All das hat Spielberg so inszeniert, als wäre seit dem „Letzten Kreuzzug“ seines Helden 1989 kaum Zeit und Filmgeschichte vergangen. Natürlich gibt es auch Spezialeffekte und reichlich digital erzeugte Szenen, aber Spielberg und sein Freund und Autor George Lucas stellen ihr technisches Können ganz in den Dienst der Story. „Das ist handfeste Magie, keine digitale Magie“, sagte Spielberg in Cannes, wo das mehr als zwei Stunden lange Abenteuer am Sonntag uraufgeführt wurde. In einem leeren Studio für Computereffekte gebe es für ihn und die Schauspieler keine Inspiration.
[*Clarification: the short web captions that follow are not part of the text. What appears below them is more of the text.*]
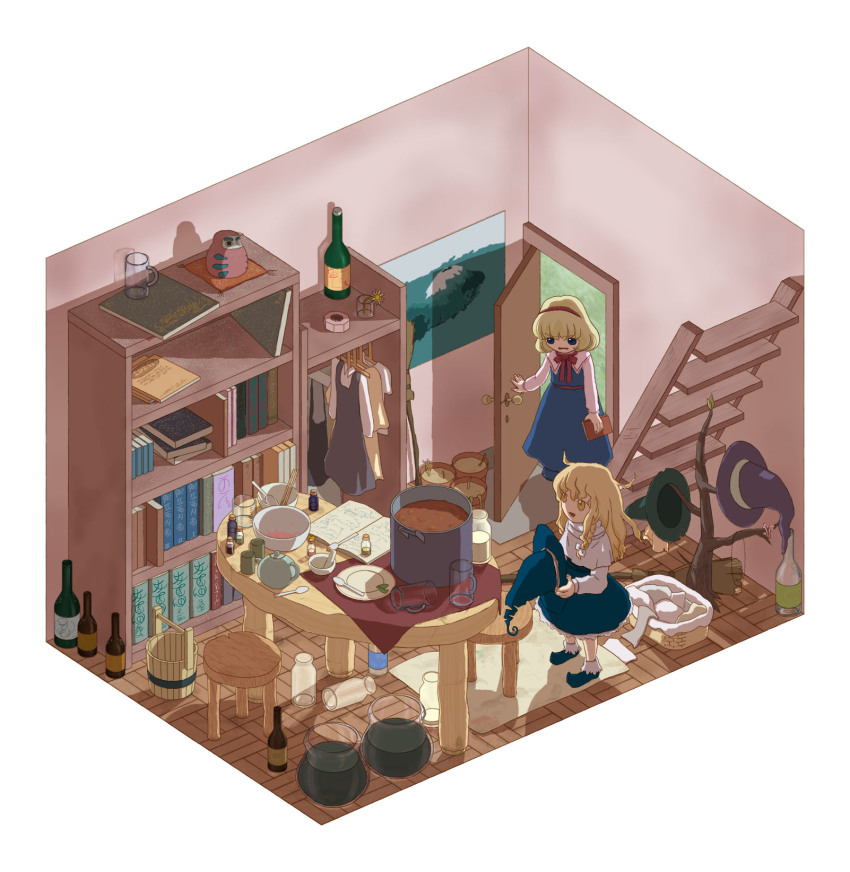 2girls, absurdly_detailed_composition, alice_margatroid, blonde_hair, bottle, daruma_doll, female_focus, hat, highres, house, interior, isometric, kirisame_marisa, loaded_interior, messy, multiple_girls, ribbon, room, touhou, witch_hat, zo_tuite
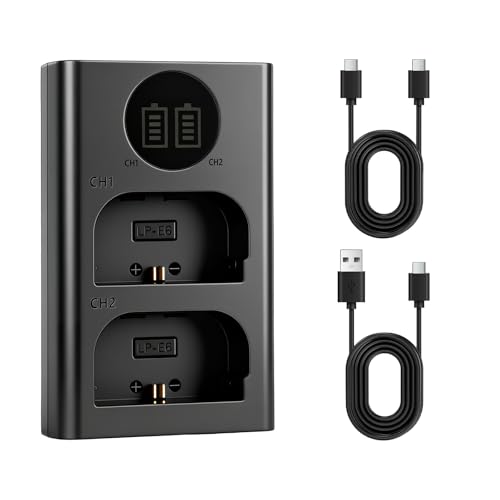 LP-E6 LP-E6NH Battery Charger for Canon - Dual Slot USB Charger for EOS R6 Mark II, R5, 5D MK IV, 90D Camera Photography Enthusiast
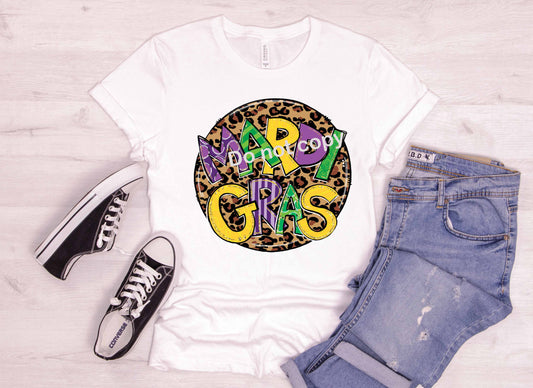 MARDI GRAS Leopard circle DTF Transfer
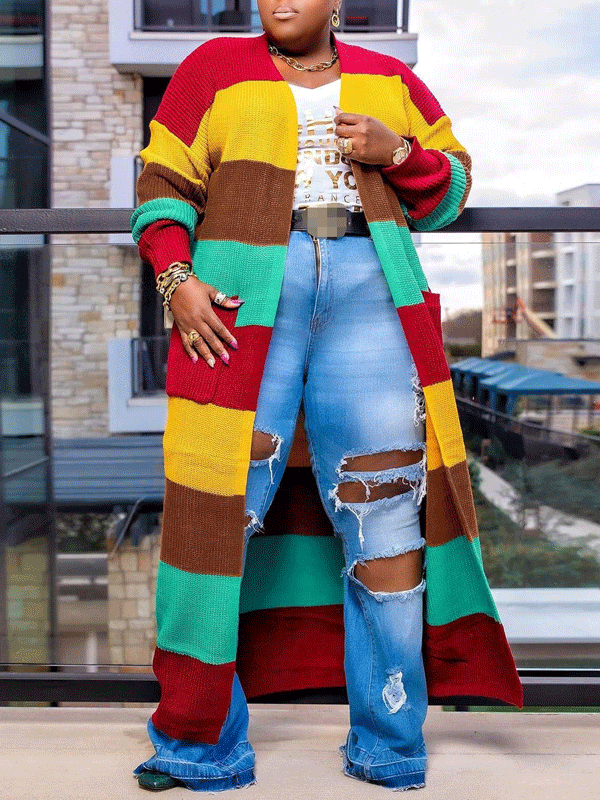 Plus Size Knit Ribbed Patchwork Cardigan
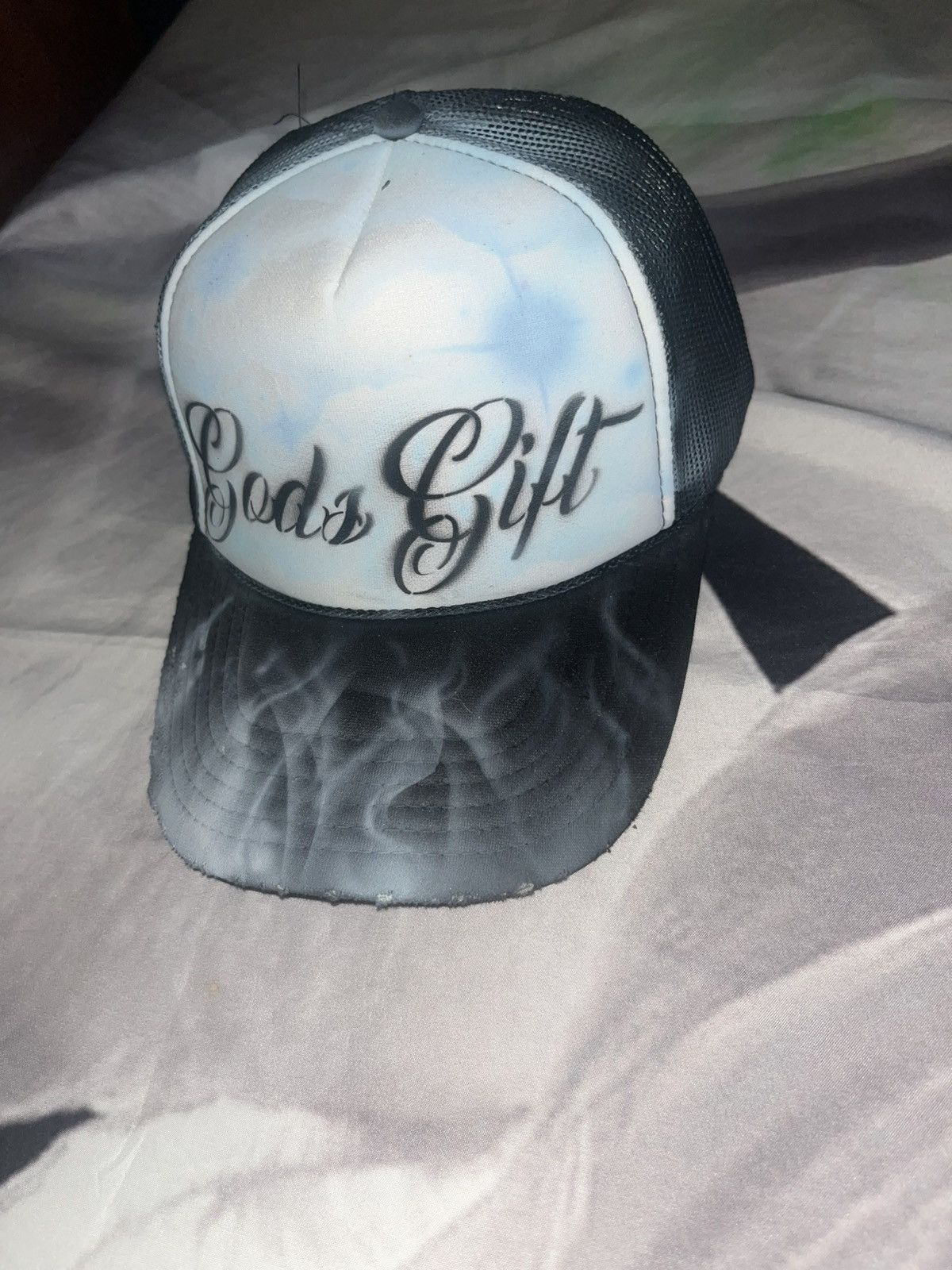 Other GODS GIFT Airbrushed 5 panel SnapBack Trucker Hat handpaintd Size ONE SIZE - 3 Thumbnail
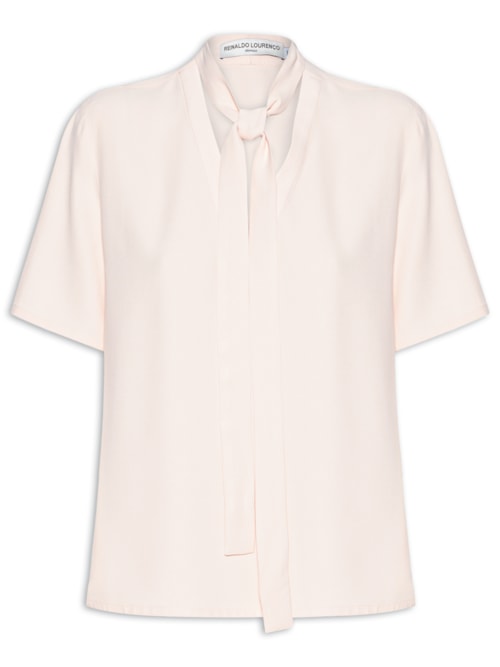 Blusa Feminina Slim Manga Curta Com Transpasse - Rosa
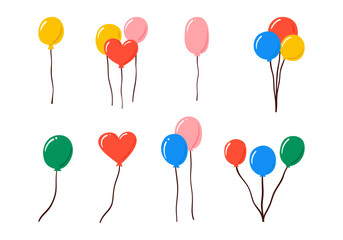 Colorful Balloon for Celebrations. A vibrant collection of 8 balloons in various shapes and groupings, ideal for party, celebration, and festive themes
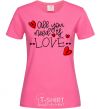 Women's T-shirt All you need is love hearts and arrows heliconia фото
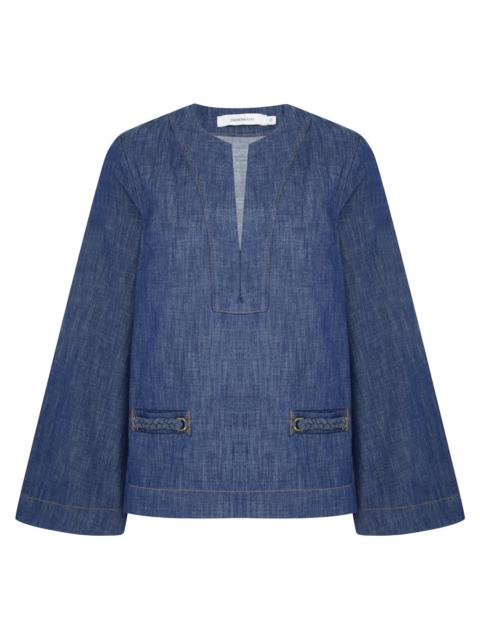 Zimmermann WYLIE DENIM TUNIC TOP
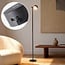 Lampadaire Zinc avec liseuse rechargeable, variateur tactile et LED intégrée - noir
In seiner etwas altmodischen Machart verbreitet „Indiana Jones“ leise Nostalgie und unterscheidet sich stark von den innovativen Action-Erfolgen der letzten Jahre. Er bewundere die „Bourne“-Thriller mit Matt Damon, und „Casino Royale“ sei für ihn einer der besten James-Bond-Filme überhaupt, erklärt Spielberg. Aber er wolle sich bewusst von deren Stil der extrem schnellen Montage absetzen, damit das Publikum „überhaupt wahrnehmen kann, was die Bilder zeigen“.
Dazu passt der Körpereinsatz von Harrison Ford, der allen Zweiflern beweist, dass er mit 65 Jahren noch perfekt in die staubigen Indiana-Jones-Kleider passt. „So ist die alte Schule“, meint Ford: „Echte Action, echte Anstrengung, echte Gefühle.“
Doch die Zeit geht auch an „Indy“ nicht vorbei. Die Handlung spielt nicht mehr wie in den ersten drei Teilen in den 30er Jahren mit Nazis als Feinden, sondern 1957 im Kalten Krieg. Petticoats und Heckflossenautos dominieren das Straßenbild in den USA. In der Wüste von Nevada wird eine Atombombe getestet. Und die Bösen sprechen nicht mehr Deutsch, sondern Russisch.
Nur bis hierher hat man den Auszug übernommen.